# My new and improved layout



## Defender (9 mo ago)

I know it may seem silly, but this is my layout. It previously was on the floor. We don't have much space in our house so have to be flexible. My lovely wife bought me a heavy-duty ping pong table that folds up and rolls away. So now instead of being on the floor, up and down dozens of times I am able to set up in about an hour and enjoy 3 tracks. I am hoping to get a water tower and crossing arm in the future along with a 661, 335 or 336. I am in awe of some of the beautiful layout's you guys have, but when space is limited and needed for other stuff, one has to make do








.


----------



## RedManBlueState (Jan 9, 2013)

I feel for ya.
I am also limited to the Ping Pong Express until I can jettison some adult children.


----------



## AmFlyer (Mar 16, 2012)

You now have a lot of space. We did not always have large, detailed layouts. Here is a layout I had for about 3 years, it was 5'-6"x9'.


----------



## Chaostrain (Jan 27, 2015)

That is really cool that your wife bought you the table for your trains.


----------



## AFGP9 (Apr 8, 2015)

Defender something to run trains on besides the floor is a good thing. I think everybody started out with a simple start. The big layouts some of us have didn't happen overnight. I know I spent many years buying and collecting for the day when I would have the room to build the layout I had in mind. 

Kenny


----------



## HowardH (Sep 18, 2020)

Sure - as a little kid I fantasized about being an engineer, but also imagined being one of those surveyors confronted by a challenging topography of mountains, rivers and gorges as I surveyed obstacles like chairs, sofas and coffee tables when laying my AF track on the floor. Now some sixty years later am thinking along the same lines as I deal with HVAC units, angled beams and pitched ceiling in my attic. All part of the fun. Looks great!


----------



## JeffHurl (Apr 22, 2021)

I have always been intrigued by S scale.


----------



## flyernut (Oct 31, 2010)

Richard, that is EXACTLY the same lay-out I had as a boy, reminds me of a time where I didn't have to worry about bills, kids, and war.

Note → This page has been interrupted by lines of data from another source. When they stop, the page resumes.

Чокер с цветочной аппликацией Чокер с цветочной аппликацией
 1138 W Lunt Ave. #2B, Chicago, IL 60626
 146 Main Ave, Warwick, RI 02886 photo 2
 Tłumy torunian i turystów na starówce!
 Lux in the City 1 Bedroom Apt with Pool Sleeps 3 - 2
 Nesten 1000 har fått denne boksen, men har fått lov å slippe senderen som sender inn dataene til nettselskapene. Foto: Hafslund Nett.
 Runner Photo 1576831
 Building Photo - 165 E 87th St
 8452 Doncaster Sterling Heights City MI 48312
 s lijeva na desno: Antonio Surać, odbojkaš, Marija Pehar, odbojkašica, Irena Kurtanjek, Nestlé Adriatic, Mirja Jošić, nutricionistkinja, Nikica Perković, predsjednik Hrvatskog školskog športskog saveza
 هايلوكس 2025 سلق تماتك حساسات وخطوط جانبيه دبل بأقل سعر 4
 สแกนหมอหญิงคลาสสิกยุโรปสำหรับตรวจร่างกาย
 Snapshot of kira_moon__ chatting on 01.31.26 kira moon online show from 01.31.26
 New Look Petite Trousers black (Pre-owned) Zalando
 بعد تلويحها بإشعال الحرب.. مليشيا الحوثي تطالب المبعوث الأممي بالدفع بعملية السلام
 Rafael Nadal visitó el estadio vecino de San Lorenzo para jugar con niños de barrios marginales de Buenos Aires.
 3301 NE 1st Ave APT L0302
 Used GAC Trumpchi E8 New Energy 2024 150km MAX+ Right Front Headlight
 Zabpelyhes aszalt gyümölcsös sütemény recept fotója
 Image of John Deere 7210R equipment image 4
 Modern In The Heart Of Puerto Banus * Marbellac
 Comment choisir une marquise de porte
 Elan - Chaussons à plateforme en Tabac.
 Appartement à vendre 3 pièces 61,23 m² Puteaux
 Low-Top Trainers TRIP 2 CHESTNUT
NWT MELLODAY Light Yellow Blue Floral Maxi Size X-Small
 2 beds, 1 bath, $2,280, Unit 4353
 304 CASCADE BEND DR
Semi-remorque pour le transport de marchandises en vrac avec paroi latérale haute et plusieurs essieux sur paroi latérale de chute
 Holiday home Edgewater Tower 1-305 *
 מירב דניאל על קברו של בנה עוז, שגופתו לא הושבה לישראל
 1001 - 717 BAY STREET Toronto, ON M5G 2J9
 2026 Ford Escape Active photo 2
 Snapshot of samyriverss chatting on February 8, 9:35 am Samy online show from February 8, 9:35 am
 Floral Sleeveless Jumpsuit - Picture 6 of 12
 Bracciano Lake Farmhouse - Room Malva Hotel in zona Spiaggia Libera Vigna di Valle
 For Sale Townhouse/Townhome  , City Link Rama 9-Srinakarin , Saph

On my outer loop I ran a K335 Northern with it's set cars, on the middle loop was my plastic 302 with 6 freight cars, and on the very inner loop was my 355 Baldwin, along with the set cars. I also had a pair of turn-outs, but that was a tight squeeze. My table was in the basement, in front of the washer and dryer, and Mom would use the lay-out as her personal folding table when the clothes came out of the dryer...dang her,lol!!.. I can see it all right now.. Later on came my MP diesel set, made in 1963-64.. As a after-thought, the cow-catcher you need for the 314AW is on ebay...


----------



## alaft61ri (Oct 11, 2019)

I started with a 5' x 10' know it 5' x 15' with a upper level so I can run 3 trains


----------



## Defender (9 mo ago)

If you look carefully at the top of the photo is the entertainment center. The tv and stereo equipment is there so can't keep it set up too long if we want to have a good night of tv. Being in my 70s it SURE is nice to have it off the floor.


----------



## RedManBlueState (Jan 9, 2013)

Which arcade game is that on the top left?


----------



## AmFlyer (Mar 16, 2012)

Just shorten the layout legs so you can see over it when seated.


----------



## Defender (9 mo ago)

No arcade game. Paw prints of my late cat Molley 19 yrs. old in a picture frame and pic of in-laws to left of that.
Can't shorten them, they are on a fold-up system and wheels so I can roll it away when not in use.


----------



## JeffHurl (Apr 22, 2021)

What picture are you guys talking about? I don't see anything that looks like an arcade game.


----------



## AmFlyer (Mar 16, 2012)

The picture in post 1 apparently.


----------



## djjeffr (10 mo ago)

Defender said:


> I know it may seem silly, but this is my layout. It previously was on the floor. We don't have much space in our house so have to be flexible. My lovely wife bought me a heavy-duty ping pong table that folds up and rolls away. So now instead of being on the floor, up and down dozens of times I am able to set up in about an hour and enjoy 3 tracks. I am hoping to get a water tower and crossing arm in the future along with a 661, 335 or 336. I am in awe of some of the beautiful layout's you guys have, but when space is limited and needed for other stuff, one has to make do
> View attachment 590137
> 
> .


Nice layout! Plenty of room for accessories. Lots of track for long runs.
And yet pretty compact!
My platforms are similar to yours except all the extra space under the tables is used by my wife for storage of her things. Might be a thought for you to get more room.

DJ


----------



## alaft61ri (Oct 11, 2019)

The arcade game is Gorf by midway also have portman. Those trying to sell use to work.need more room for another layout.


----------